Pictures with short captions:

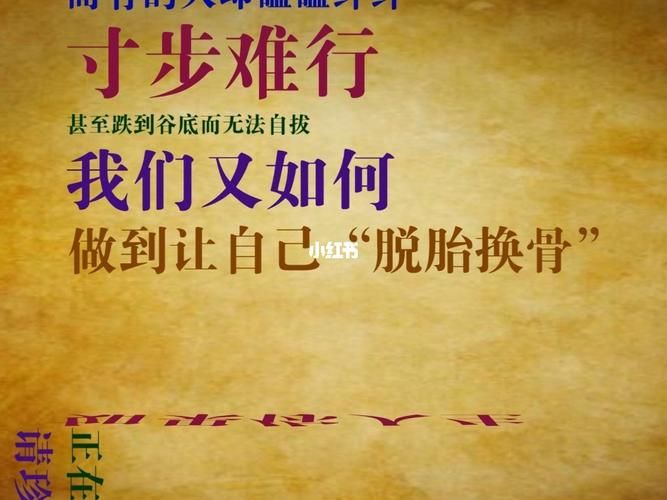 反弹人生看不了怎么办？最新更新入口地址在这里！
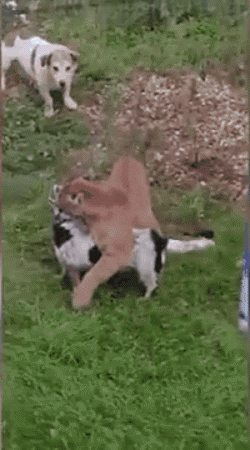 宠物狮子每顿饭吃几斤肉,把家都拆了,主人还笑言就是大点的猫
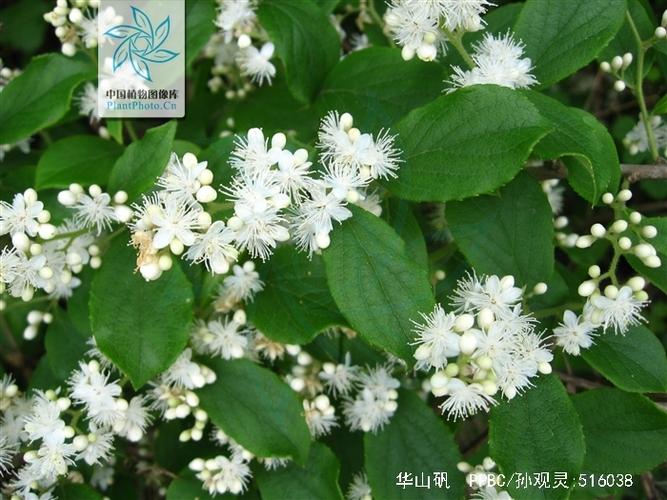 华山矾的功效与作用-华山矾的图片样子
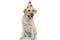Cute labrador retriever dog celebrating his birthday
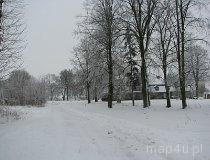 Miłonice. Zespół dworsko-parkowy. Park dworski. (fot. Tomasz Szwagrzak)
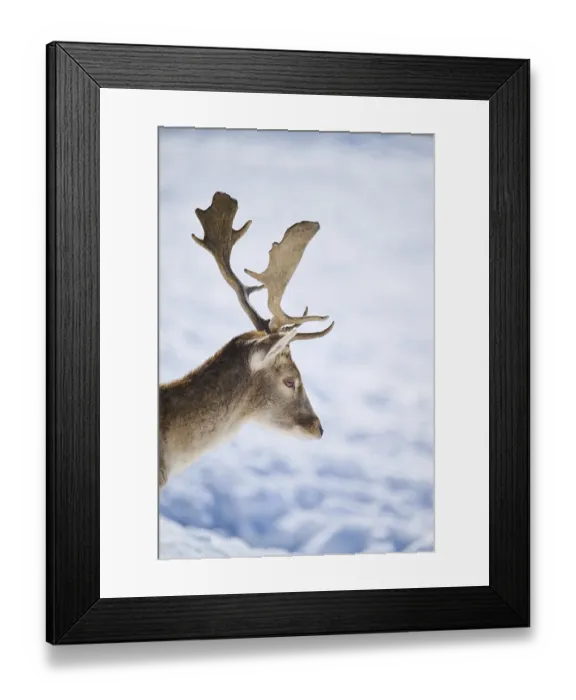Framed Print : European fallow deer (Dama dama) buck portrait in the mountains in tirol Framed Print : European fallow deer (Dama dama) buck portrait in the mountains in tirol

Exercise requirements
For every entry above, please output the text exactly and leave any picture behind.

Written reply
 反弹人生看不了怎么办？最新更新入口地址在这里！
 宠物狮子每顿饭吃几斤肉,把家都拆了,主人还笑言就是大点的猫
 华山矾的功效与作用-华山矾的图片样子
Cute labrador retriever dog celebrating his birthday
 Miłonice. Zespół dworsko-parkowy. Park dworski. (fot. Tomasz Szwagrzak)
Framed Print : European fallow deer (Dama dama) buck portrait in the mountains in tirol Framed Print : European fallow deer (Dama dama) buck portrait in the mountains in tirol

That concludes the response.